The use of bronze also served the purpose of facilitating the dispersal of Hepworth's work on the international market, in numbered editions, and helped her to attract and fulfil important commissions for monumental sculptures to be sited and viewed in outdoor public spaces, for which wood and polished stone would have proved difficult to maintain and conserve. Commenting on her recent production in 1962, the sculptor stated: ‘Certain forms, I find, re-occur during one's lifetime and I have found some considerable pleasure in reinterpreting forms originally carved, and which in bronze, by greater attenuation, can give a new aspect to certain themes’ (B. Hepworth, quoted in exhibition catalogue, Barbara Hepworth, Valencià, Institut Valencià d'Art Modern, 2004, p. 137). The art historian and critic Herbert Read at first cautiously received the news that Hepworth had begun working in bronze, but subsequently remarked, ‘I have now come to realise that what I previously discerned as the artist's fundamental purpose, 'to infuse the formal perfection of geometry with the vital grace of nature' is as fully realised in bronze as in carved wood or stone’ (H. Read, quoted in ibid., p. 67).

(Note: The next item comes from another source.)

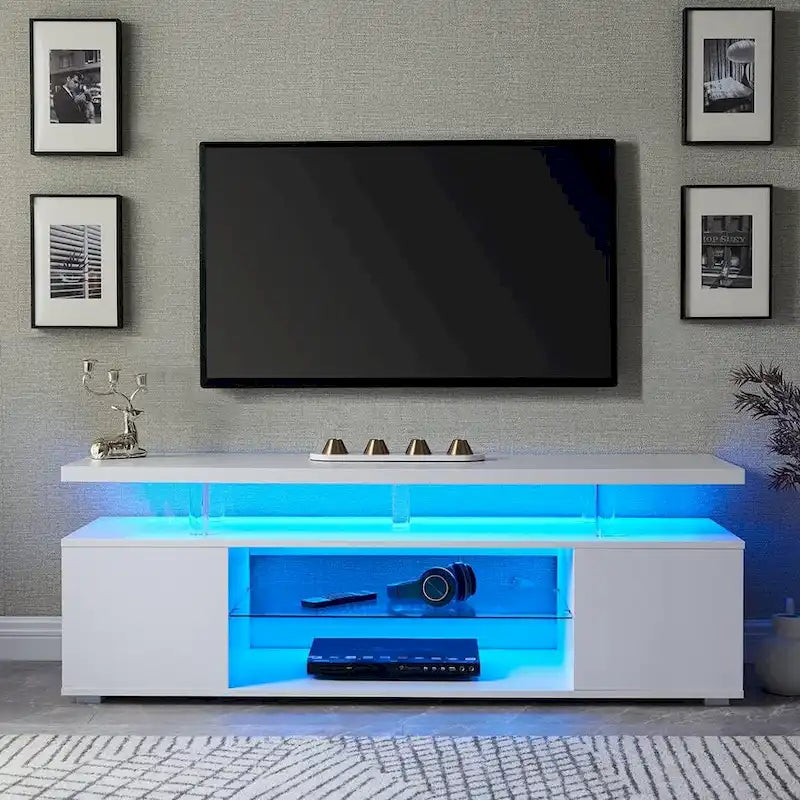Center Media Storage Console Table with Large Side Cabinet for Living Room - 63.00 L * 16 W * 21 H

During the 1960s Hepworth increasingly merged the organically derived and primitivistic configuration of her earlier carved sculpture with more geometric, architecturally conceived forms, as an evolutionary process in her themes, and in part an acknowledgement of the architectural spaces in which they might be situated and viewed. The grand precedent for these efforts is the monumental ensemble of works that Brancusi created for Târgu Jui in his native Romania, during 1935-38, including The Endless Column, to celebrate fallen heroes of the First World War. As was Brancusi's practice, Hepworth executed for each of her sculptures a base or pedestal uniquely appropriate to its subject.
The use of the hole is an essential, indeed a trademark device in Hepworth's sculpture. She carved her first work with this feature in 1931 (Pierced Form, alabaster; Lund Humphries, no. 17, subsequently destroyed), and continued to make use of this idea throughout her career. The uppermost section of The Bride displays a pierced element visible on all three sides, as if facing Janus-like to both past and future.
Other casts of The Bride are in the collection of the David and Alfred Smart Museum of Art, Chicago; and the Art Institute of Chicago, gifted by Max Weinberg in 1980. Complete groups of The Family of Man are at Yorkshire Sculpture Park (on loan from the Hepworth Estate) and The Donald M. Kendall Sculpture Garden at PepsiCo, Purchase, New York.
The present work is conceived in 1970 and cast in an edition of 4, with 2 further full sets cast: one (group 2/2) on display at the Kendall Sculpture Garden, Purchase, NY and the other (group 1/2) with the artist's estate, on loan to the Yorkshire Sculpture Park.
We are very grateful to Dr Sophie Bowness for her assistance with the cataloguing apparatus for this work. Dr Sophie Bowness is preparing the revised catalogue raisonné of Hepworth’s sculpture.